Sounds to me like it would have stopped the recording. Otherwise, it would indicate that it would only need to switch to Live Mode.


----------



## girdnerg (May 17, 2007)

I had some rain this morning and noticed a problem.

During the rain fade, I lost my locals on 129 spot 14. Splash screen says not to call, dish knows there is a problem. No biggie, that makes sense.

BUT, after the rain and sky cleared, that splash screen stayed up until I changed the channel and back again. This has happened before but I didn't think much of it until it happened again.


----------



## langlin (Apr 8, 2005)

Kent Taylor said:


> Sounds to me like it would have stopped the recording. Otherwise, it would indicate that it would only need to switch to Live Mode.


I don't guess, I've done it, it does not stop the scheduled recording.

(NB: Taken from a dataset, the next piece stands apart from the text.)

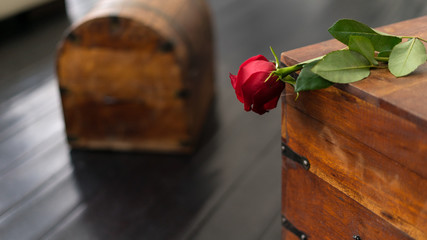 rose and chest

Try it.


----------



## redelephants (Aug 10, 2009)

girdnerg said:


> I had some rain this morning and noticed a problem.
> 
> During the rain fade, I lost my locals on 129 spot 14. Splash screen says not to call, dish knows there is a problem. No biggie, that makes sense.
> 
> BUT, after the rain and sky cleared, that splash screen stayed up until I changed the channel and back again. This has happened before but I didn't think much of it until it happened again.


I have continuoulsy had the same problems. Also the other night I noticed that when an OTA channel went out, I tried switching to a SAT channel and was given an 002 error. However when switching back to a working OTA channel I was able to prove I had SAT signal by pressing the swap button on the remote. When trying to change SAT channels I would continously receive the 002 error. After cancelling a SAT channel recording, all was normal. This morning got a smart card error. This is my second receiver in like 2 months, I understand a new software is being released in the near future, hopefully engineering has experienced these problems. I am interested if anyone else has had these problems.


----------